The worst TV shows of 2024 have one thing in common: They’re all either spinoffs of previously established franchises, or later seasons in shows that used to be great—or some combination of the two. This should come as no surprise.
All too often, a series goes downhill over time. And when it comes to adaptations and spinoffs, the trend has not been great in recent years. Prequels are hard to get right, and more often than not they tend to fail. Big franchises like Marvel and Star Wars have also had a tough time when it comes to pleasing longtime fans. And while a lot of shows have had enormous amounts of money thrown at them, inexperienced showrunners and bad writing keeps dragging project after project down.
Before we get any further, I’d like to point out that many great shows also aired in 2024 and I’ll have a separate post going over all of my favorites. Like just about every year, 2024 was a mixed bag with both high and low points.
I can’t include all the worst TV shows of the year, since I didn’t watch some that I heard were terrible but couldn’t force myself to sit through. These include Halo’s second season—the first was so bad I gave up on it—and Taika Waititi’s Time Bandits remake, which I tried to watch but couldn’t stomach. The Terry Gilliam film is such a wonderfully dark, weird classic. The TV adaptation didn’t even have little people. I also couldn’t stomach the horrible Winter King adaptation, a show based on some of my favorite books that failed so miserably I had to walk away. I skipped the dreadful-looking Cruel Intentions.
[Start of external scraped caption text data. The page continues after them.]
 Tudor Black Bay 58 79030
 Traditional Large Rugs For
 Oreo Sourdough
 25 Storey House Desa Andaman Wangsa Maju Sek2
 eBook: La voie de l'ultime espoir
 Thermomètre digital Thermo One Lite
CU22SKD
Likewise, I never made it past a few episodes of the first season of Velma and had no intention of wasting my time on Season 2, which I hear was just as terrible. Other shows, like Umbrella Academy, lost me years ago, which means I was spared the disappointment many fans felt with the final season. There were lots of negative reactions to the new season of Dr. Who this year, but I’ve never gotten into that series, so I have nothing to say on the matter. I started Echo on Disney+ but I don’t think I ever finished the series. If I did, I genuinely don’t remember what happened. So much for the MCU’s streaming offerings this year!
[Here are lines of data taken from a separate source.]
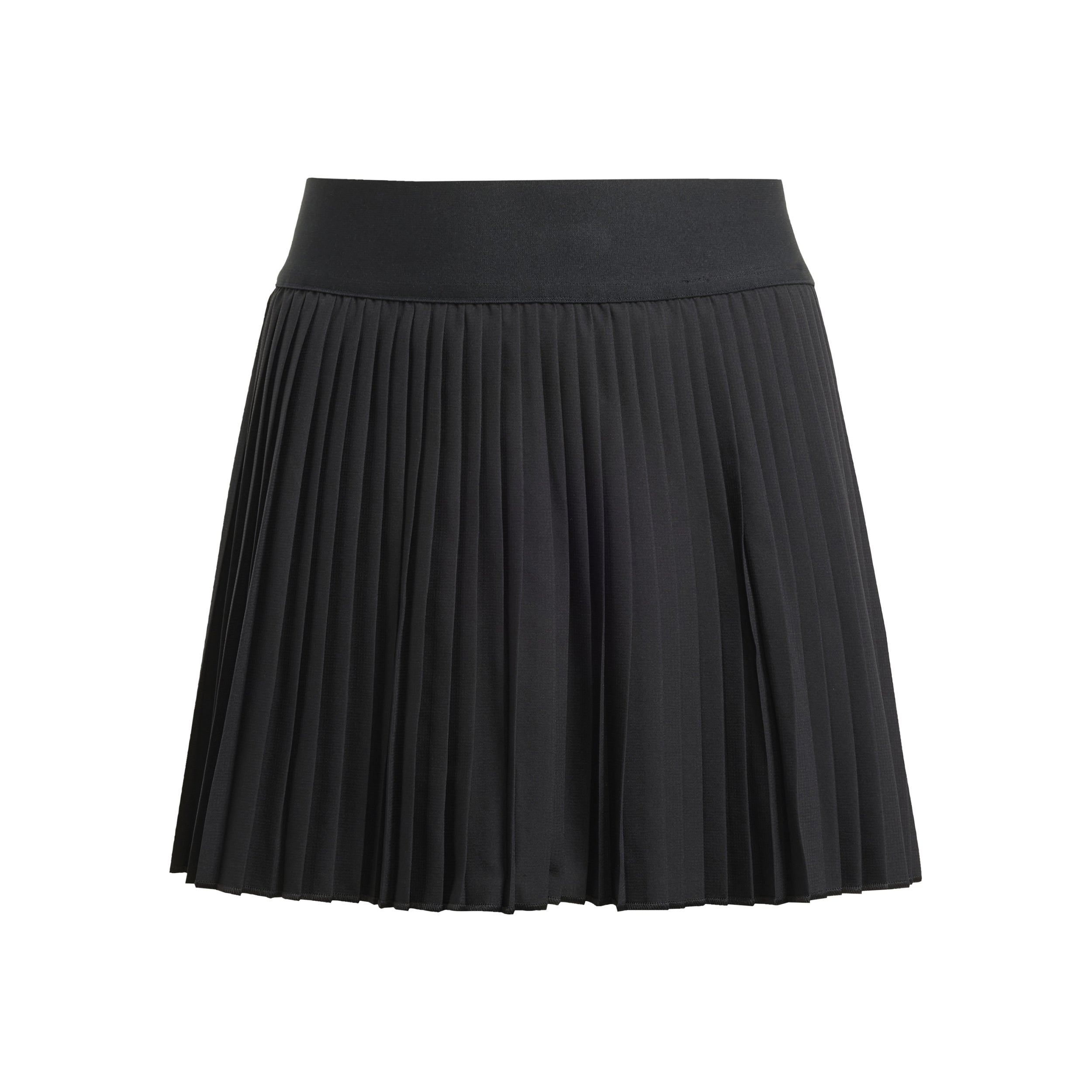 adidas Club Pleat Skirt Kids - black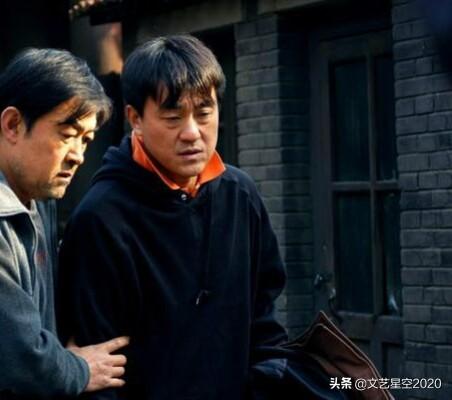 何冰主演的电视剧大全，何冰所有的电视剧（从双料视帝到无戏可拍）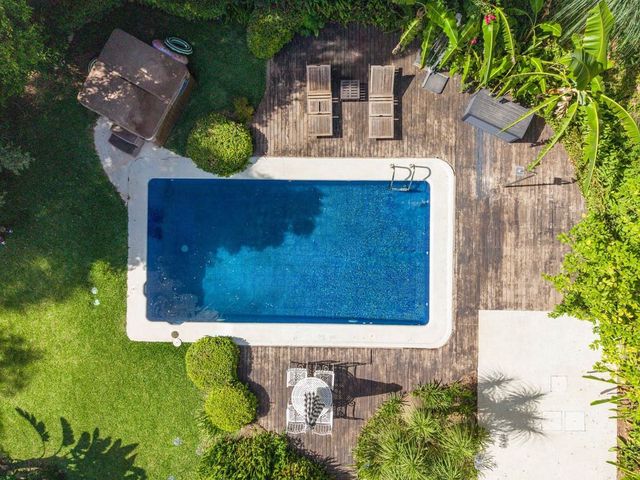 3 chambre Villa/Maison à vendre à La Quinta, Benahavís - 2 999 950 € (Ref: 10128430)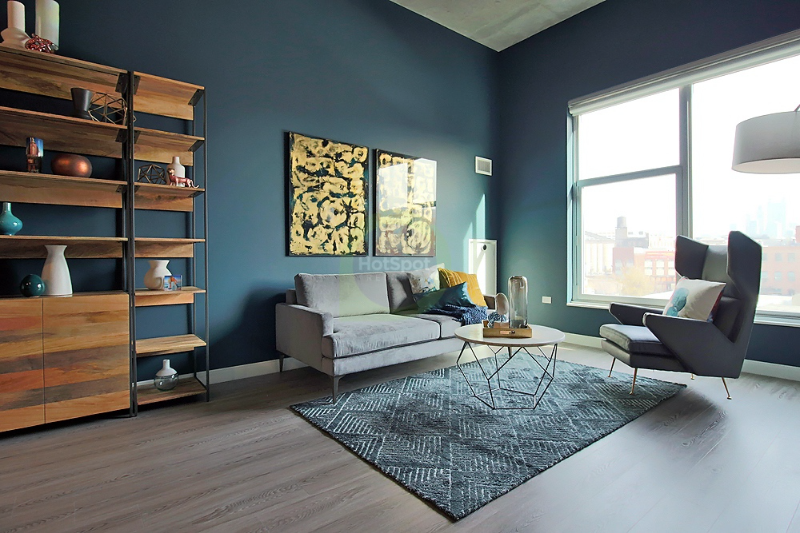 709 N Milwaukee Ave - Photo 2 of 13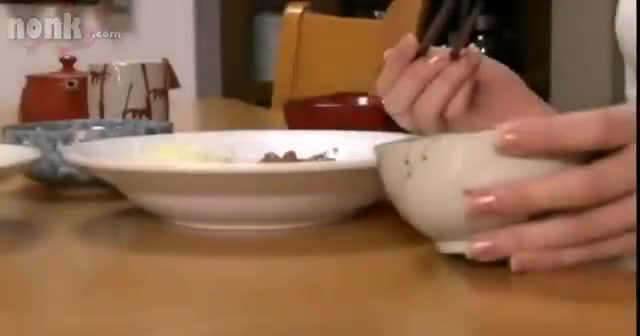 可爱美女诱惑足交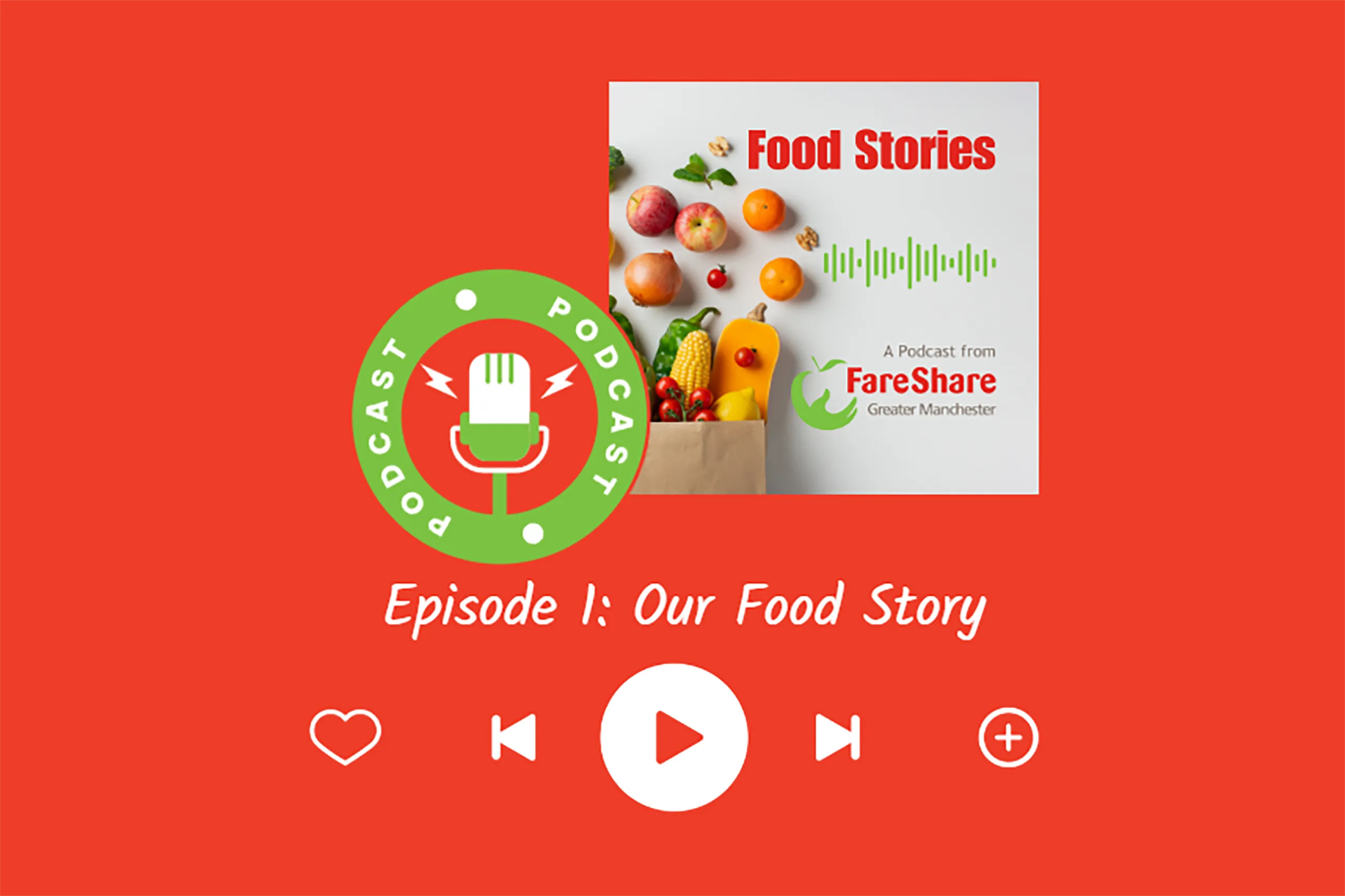 food stories podcast episode 1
Feel free to let me know your thoughts on any of these on Twitter, Instagram, Bluesky or Facebook, all places you should be following me at this point anyways (wink wink, nudge nudge).
Instead, this list will only include TV shows that I watched—for fairly obvious reasons. Some of these were pretty good, but ended in a way that left me super disappointed. Others were just flat out bad. Let’s dive right in. We’ll start with the most disappointing shows, then move on to the worst (though obviously there is crossover here).
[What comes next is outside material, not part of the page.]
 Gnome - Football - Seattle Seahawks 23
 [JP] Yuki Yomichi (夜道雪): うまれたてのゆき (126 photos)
The Most Disappointing TV Shows Of 2024
House Of The Dragon Season 2 (HBO)
There were a lot of great moments in House Of The Dragon’s second season, and I wanted very badly to love it, but the changes from the source material were so bizarre and infuriating, and the pacing was just dreadfully slow. In the end, the truncated season left out any kind of climactic battle and effectively left all the characters in almost the exact same position they were in at the end of Season 1: Waiting for the war to start. While Season 1 felt like a faithful adaptation of George R.R. Martin’s Fire & Blood, with some clever changes that fleshed out characters like Viserys I, Season 2 felt like the showrunner and writers decided to “make it their own” in all the worst, most arrogant ways. By the end, I was more disappointed in this series than any other in 2024. It does not bode well for Season 3.
Dune: Prophecy (HBO)
I suppose I didn’t have the highest hopes for this series for two reasons: First, I’m just not a Dune fanatic, and no screen adaptation of the Frank Herbert books has been what I hoped it would be, as much as Denis Villeneuve’s films certainly looked and sounded amazing. For another, I think focusing on the Sisterhood was a huge mistake. But I didn’t anticipate just how boring and cheap the whole thing would be. A lot of the actors feel like they’ve been plucked right out of a CW show for young adults and tweens. And each episode is glacially paced, with far too many exposition dumps. What a disappointingly mediocre show from HBO.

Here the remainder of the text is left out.